São muitas as perguntas e quase nenhuma resposta no segundo volume da trilogia 1Q84, de Haruki Murakami (o mais importante escritor japonês da atualidade). Evidentemente, esse tipo de estratégia narrativa contribui para aumentar a curiosidade do leitor. O pouco que o romance revela parece indicar que o livro apresentará um grand finale. Mas, talvez essa seja uma tese difícil de sustentar, pois a história está muito distante do que poderia ser considerado um texto “normal” (independente do parâmetro utilizado para estabelecer o conceito de normalidade).
O desencontro entre Aomane e Tengo (que perderam o contato quando tinham dez anos de idade e frequentavam a mesma turma escolar) continua a incomodar o casal vinte anos depois. Ele ganha o sustento como professor de matemática. Nos momentos livres, escreve. Ela, professora de educação física, trabalha em uma academia com musculação e artes marciais. Nas horas vagas, assassina homens que maltratam mulheres. Contingencialmente, habitam mundos paralelos – e que, pelos princípios que norteiam a lógica, nunca deveriam se encontrar. Exceto se houver alguma ajuda externa do destino, que é o nome que a ficção utiliza para justificar o injustificável e, simultaneamente, esconder diversos defeitos do(s) narrador(es) – a onipresença, a onipotência e a onisciência são os principais, mas não são os únicos, visto que, seguindo a tradição grega (que inventou a Teoria da Literatura), para não perder a verossimilhança, nunca se deve dispensar os elementos comuns ao padrão antropomórfico.
Esse determinismo (que se alimenta de algumas ideias religiosas) está presente em cada frase de 1Q84 – texto que flerta com a paranoia política proposta por George Orwell, as situações kafkanianas, a ficção científica e diversos estilos musicais (clássico, pop, jazz). Enfim, se assemelha a uma salada duvidosa, onde os ingredientes não combinam, o molho deveria ser outro, o gosto não agrada. Pelo menos, em teoria. Na prática, o estranhamento se mostra interessante. E, para surpresa geral, encaixa com alguma facilidade.
No primeiro volume, Aomame (ao som da Sinfonietta de Janáček) atravessa o portal que liga mundos especulares. O real se dissolve – para que o simulacro adquira consistência. A imagem, resíduo suficiente para preencher o imaginário, assume o proscênio e elimina outras possibilidades. Essa experiência se repete no segundo volume. Tengo, ao visitar a Cidade dos Gatos, também migra para o outro lado. Mas, ao contrário da mulher, está protegido por uma espécie de redoma de vidro. As crueldades que o afetam estão em outro nível.

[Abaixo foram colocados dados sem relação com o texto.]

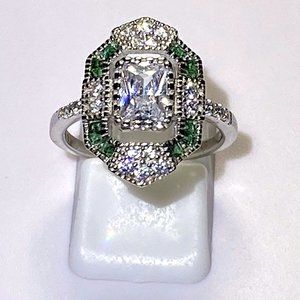 Vintage Estate Inspired Ring - Synthetic Emeralds & Diamonds - Size 6, 7 or 8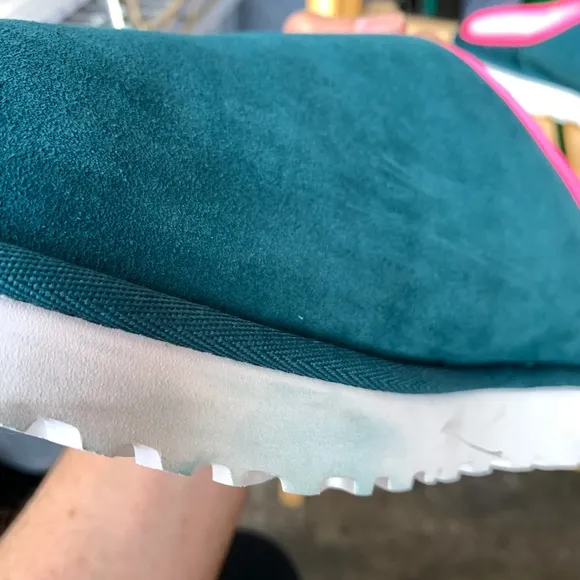 NWT Mens UGG Deep Teal Classic Slip on Suede Sheepskin Slippers Size 12 Lamb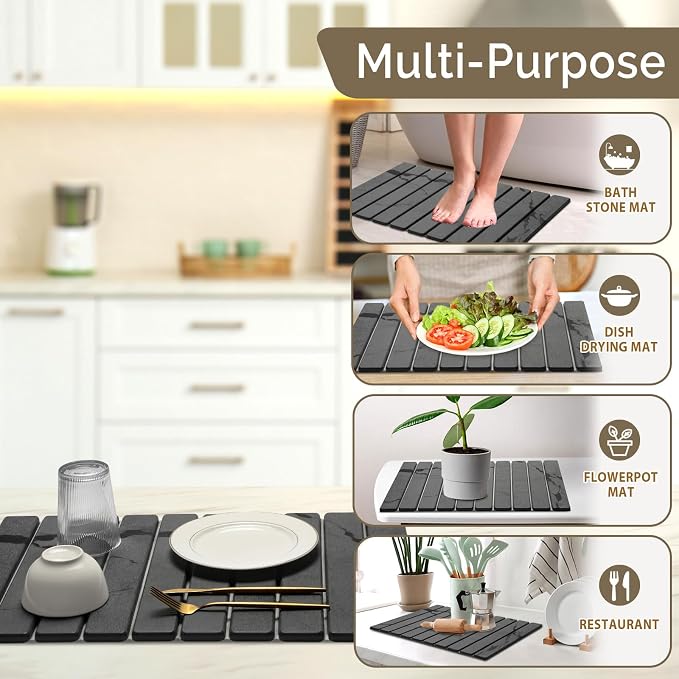 Large Stone Dish Drying Mat for Kitchen Counter, Foldable Water Absorbing - Image 6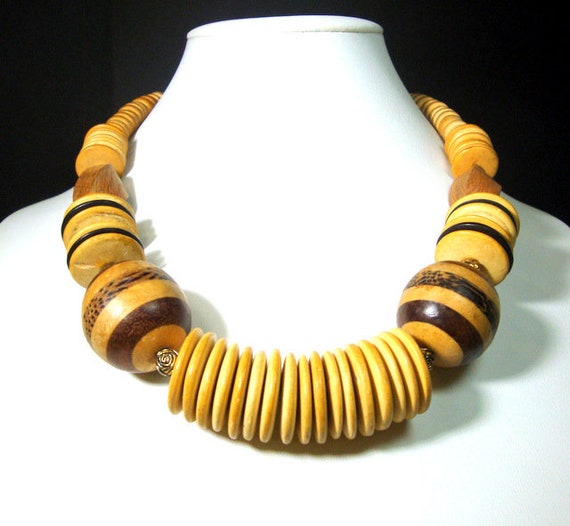 Big Striped Wood Round Bead Focals On Tan All Woo… - image 6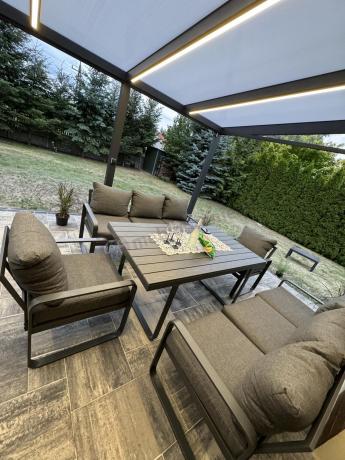 Komplet mebli tarasowych dla 8 osób - 2 sofy, 2 fotele i wysoki stół 160cm - Panaon Grande DG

Na segunda parte da trilogia, são as minucias que contam. Peças do quebra-cabeça que se juntam lentamente, sem permitir que o desenho final seja esboçado. Sem esse trabalho intermediário, não será possível prosseguir na leitura, não será possível descobrir – como sempre – que por trás de toda violência há sempre uma fantasia romântica.